Print, from the listing below, the lines starting at the line containing "Столица - снеговалеж - пътища" and ending at the line containing "Foto: Ar­bei­der­be­ve­gel­sens ar­kiv", exactly as they stand, and print nothing else.

**SUPPLIED MATERIAL:**
---------------

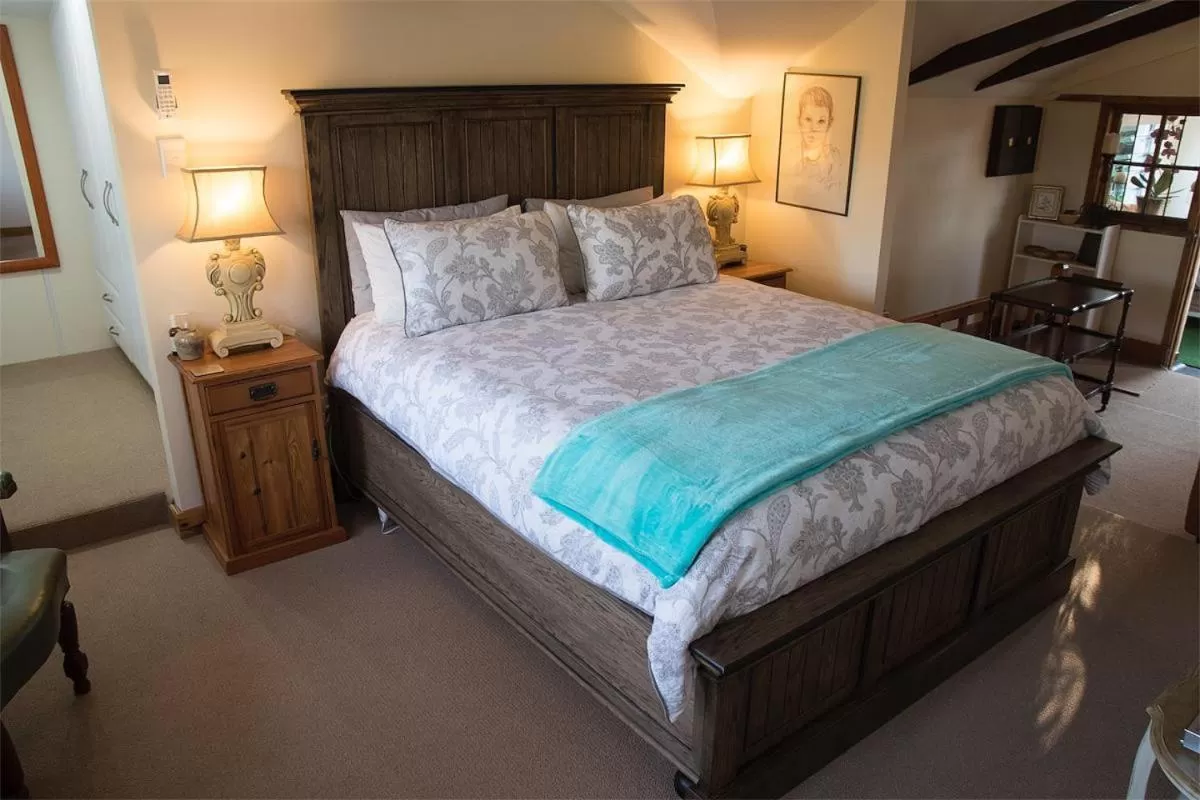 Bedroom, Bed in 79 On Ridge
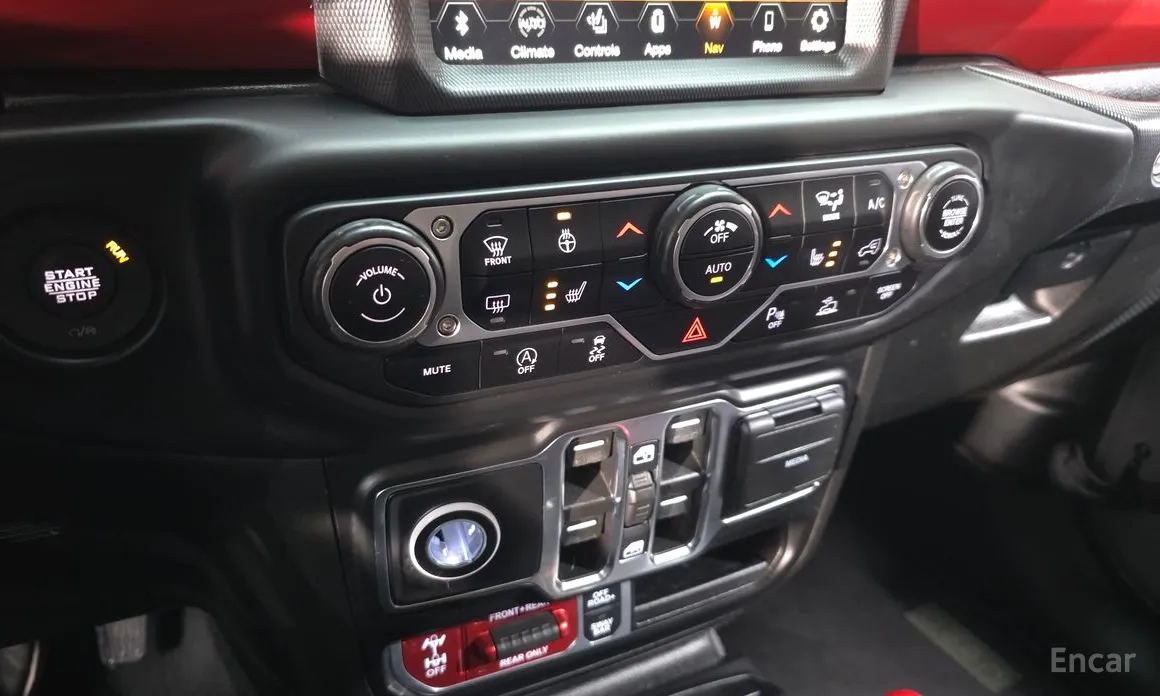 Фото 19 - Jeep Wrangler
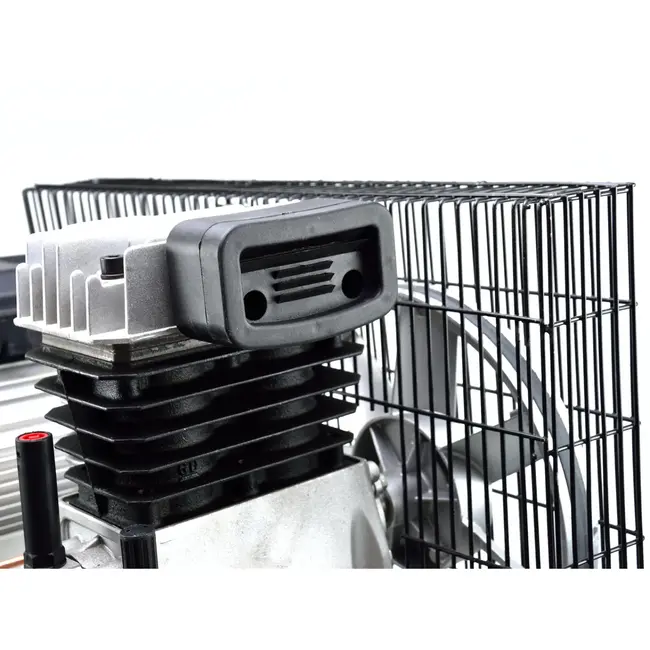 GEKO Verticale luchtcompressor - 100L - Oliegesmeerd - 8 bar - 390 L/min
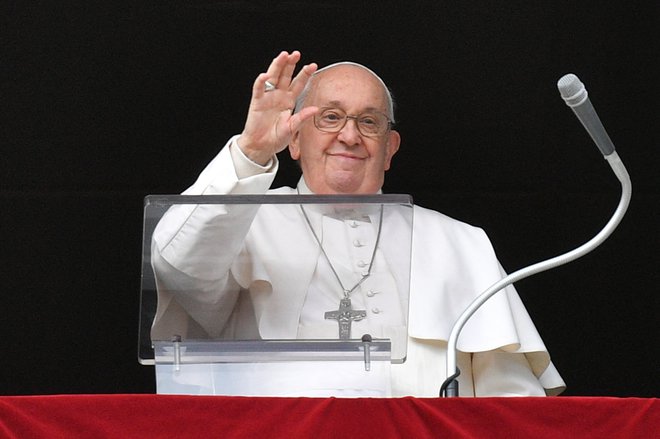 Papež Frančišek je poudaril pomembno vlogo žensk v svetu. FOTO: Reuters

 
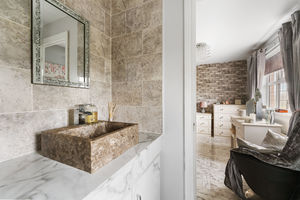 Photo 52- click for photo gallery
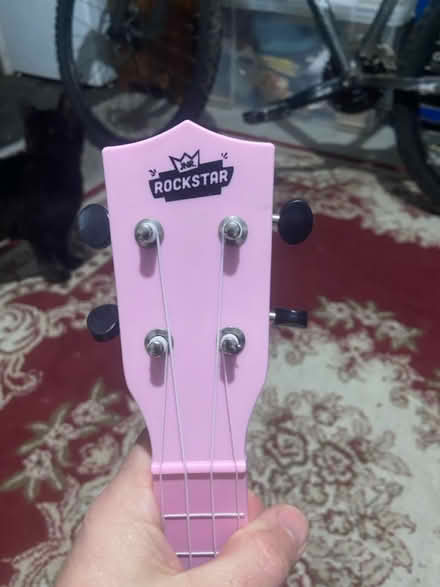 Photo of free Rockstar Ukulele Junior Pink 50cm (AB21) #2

---------------

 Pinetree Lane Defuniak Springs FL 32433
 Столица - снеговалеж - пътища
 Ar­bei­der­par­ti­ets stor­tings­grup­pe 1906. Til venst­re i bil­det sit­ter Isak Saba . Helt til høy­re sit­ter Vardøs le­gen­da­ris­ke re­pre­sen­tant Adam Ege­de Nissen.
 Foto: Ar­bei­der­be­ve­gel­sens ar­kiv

---------------

**TASK RESULT:**
 Столица - снеговалеж - пътища
 Ar­bei­der­par­ti­ets stor­tings­grup­pe 1906. Til venst­re i bil­det sit­ter Isak Saba . Helt til høy­re sit­ter Vardøs le­gen­da­ris­ke re­pre­sen­tant Adam Ege­de Nissen.
 Foto: Ar­bei­der­be­ve­gel­sens ar­kiv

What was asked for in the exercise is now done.